- **Given data**:
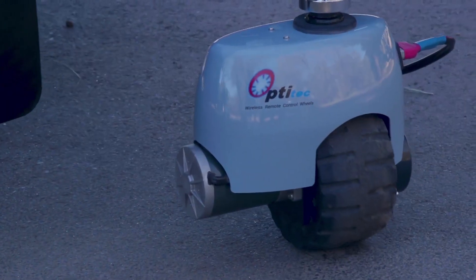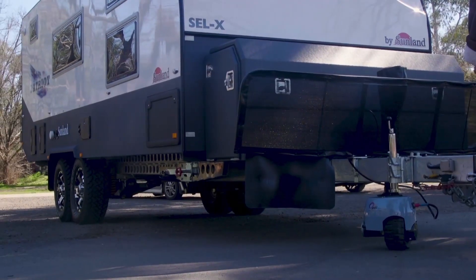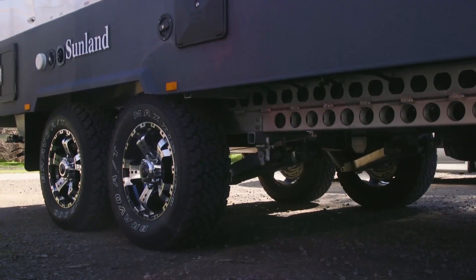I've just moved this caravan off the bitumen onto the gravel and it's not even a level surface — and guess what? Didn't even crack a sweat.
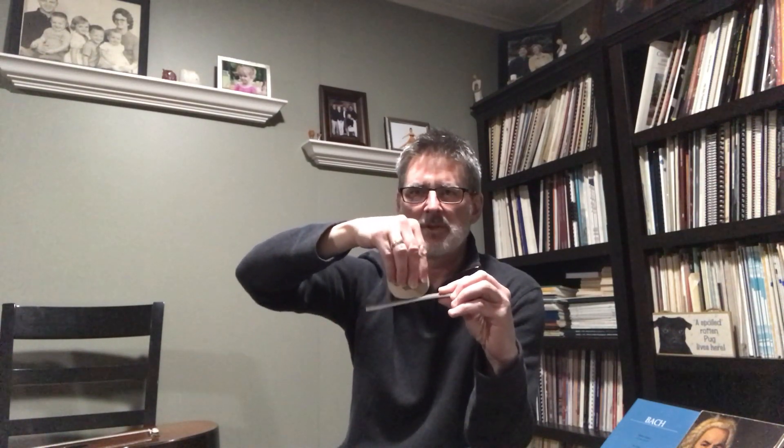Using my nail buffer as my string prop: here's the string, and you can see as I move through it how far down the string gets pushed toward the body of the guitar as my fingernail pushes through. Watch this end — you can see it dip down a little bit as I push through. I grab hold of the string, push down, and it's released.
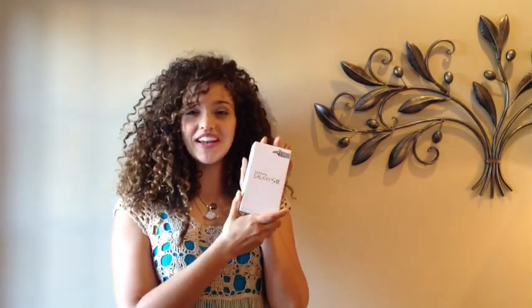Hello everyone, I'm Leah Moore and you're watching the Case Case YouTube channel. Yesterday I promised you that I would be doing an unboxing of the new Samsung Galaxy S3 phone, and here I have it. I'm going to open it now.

==

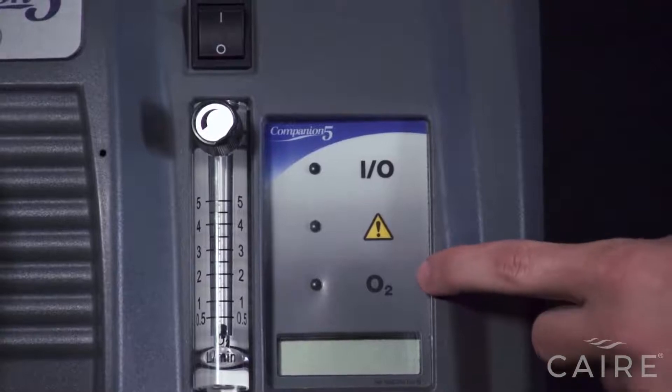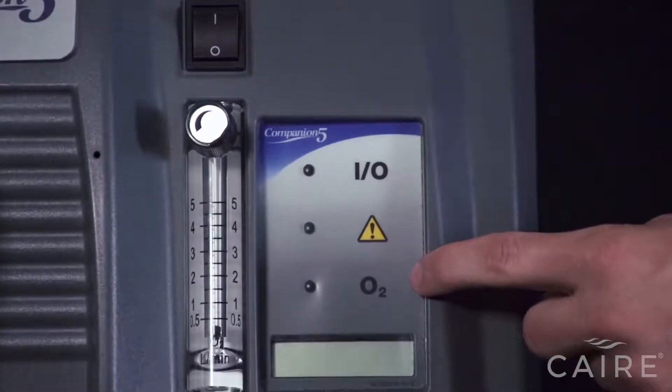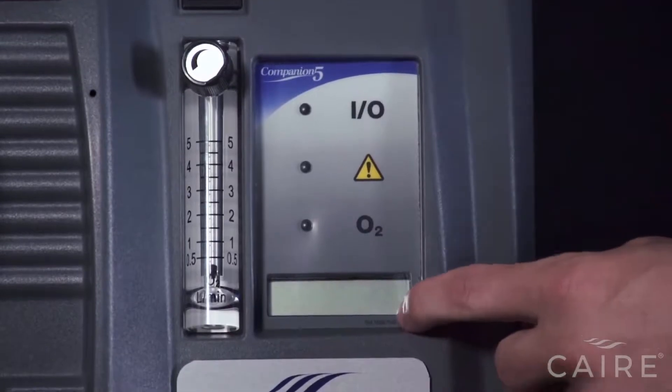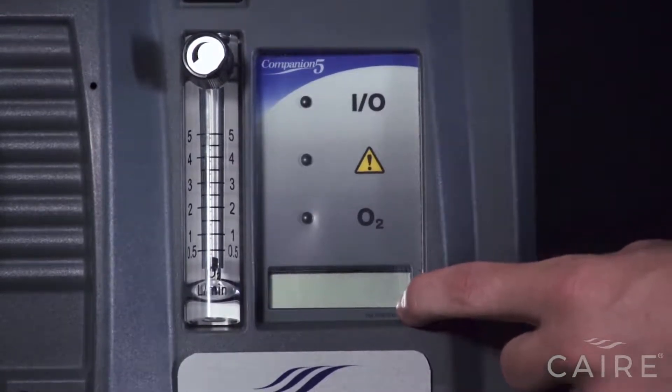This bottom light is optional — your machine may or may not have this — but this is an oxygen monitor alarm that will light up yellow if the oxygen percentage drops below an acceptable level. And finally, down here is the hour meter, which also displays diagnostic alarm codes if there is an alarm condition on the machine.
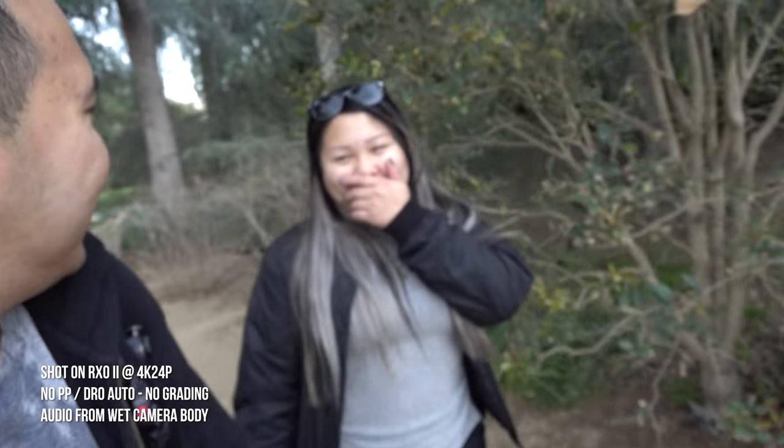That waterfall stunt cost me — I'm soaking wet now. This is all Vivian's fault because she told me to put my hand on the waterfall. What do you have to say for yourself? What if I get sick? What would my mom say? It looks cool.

* * *

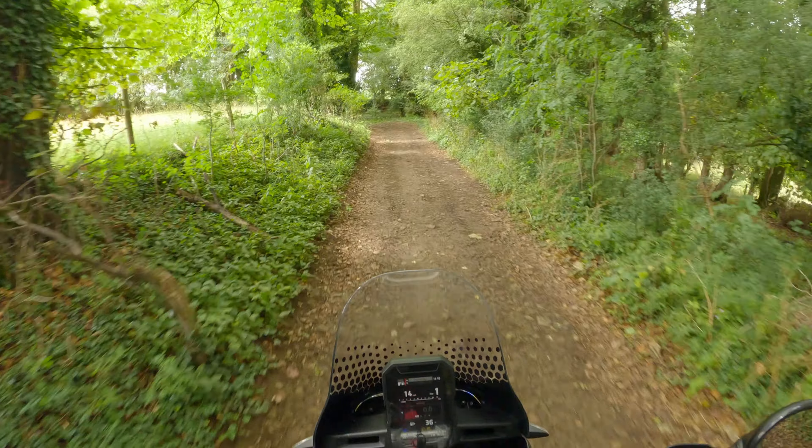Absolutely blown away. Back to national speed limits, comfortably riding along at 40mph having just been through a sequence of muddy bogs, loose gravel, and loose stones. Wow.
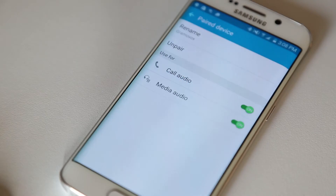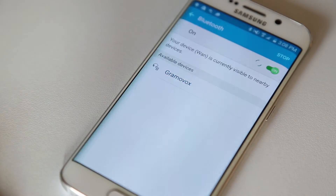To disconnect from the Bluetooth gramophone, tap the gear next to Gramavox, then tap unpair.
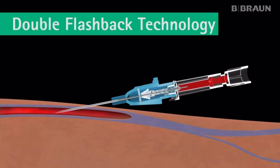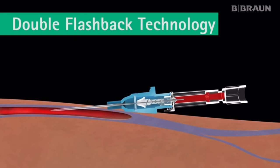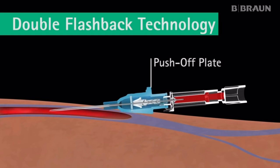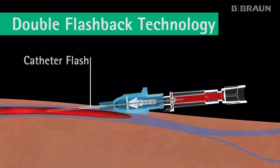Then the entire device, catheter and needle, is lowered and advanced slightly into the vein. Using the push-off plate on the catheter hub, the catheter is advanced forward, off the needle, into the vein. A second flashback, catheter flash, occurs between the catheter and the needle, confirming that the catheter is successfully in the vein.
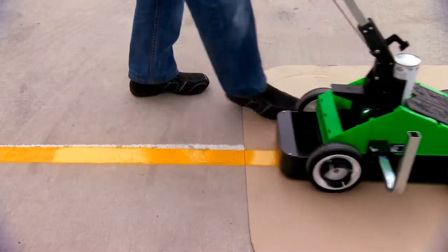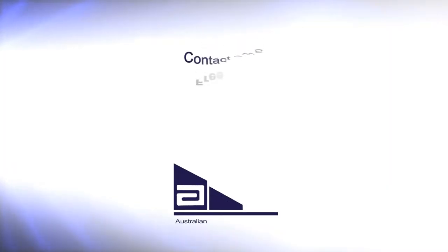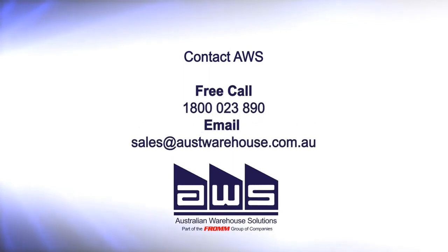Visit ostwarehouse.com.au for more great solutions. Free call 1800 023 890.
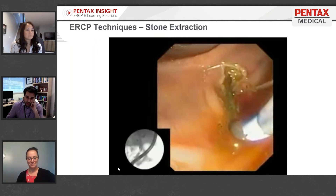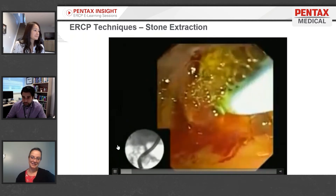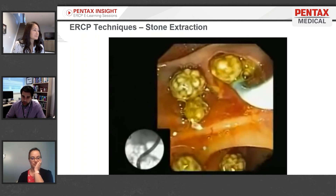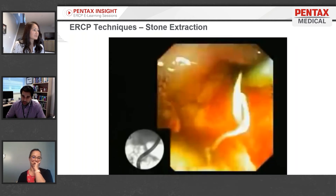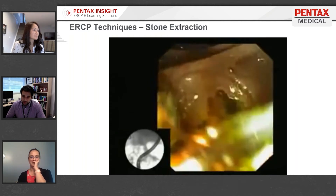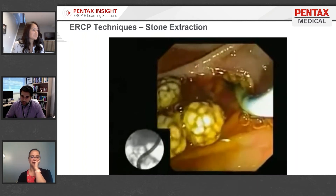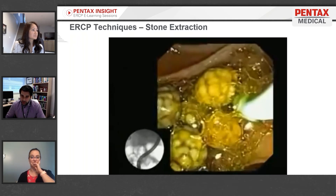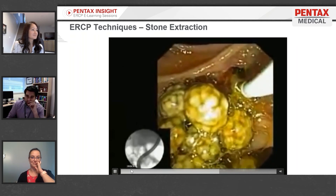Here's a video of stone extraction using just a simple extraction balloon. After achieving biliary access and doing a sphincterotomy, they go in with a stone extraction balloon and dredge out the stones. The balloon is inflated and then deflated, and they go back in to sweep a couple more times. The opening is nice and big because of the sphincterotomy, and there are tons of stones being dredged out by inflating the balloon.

- **Task objective**:
Range to print from the listing above: from the line with "Visit ostwarehouse.com.au for" up to and including the line with "Here's a video". Please print those lines exactly, with no pictures and nothing more.

- **Output of the task**:
Visit ostwarehouse.com.au for more great solutions. Free call 1800 023 890.
Here's a video of stone extraction using just a simple extraction balloon. After achieving biliary access and doing a sphincterotomy, they go in with a stone extraction balloon and dredge out the stones. The balloon is inflated and then deflated, and they go back in to sweep a couple more times. The opening is nice and big because of the sphincterotomy, and there are tons of stones being dredged out by inflating the balloon.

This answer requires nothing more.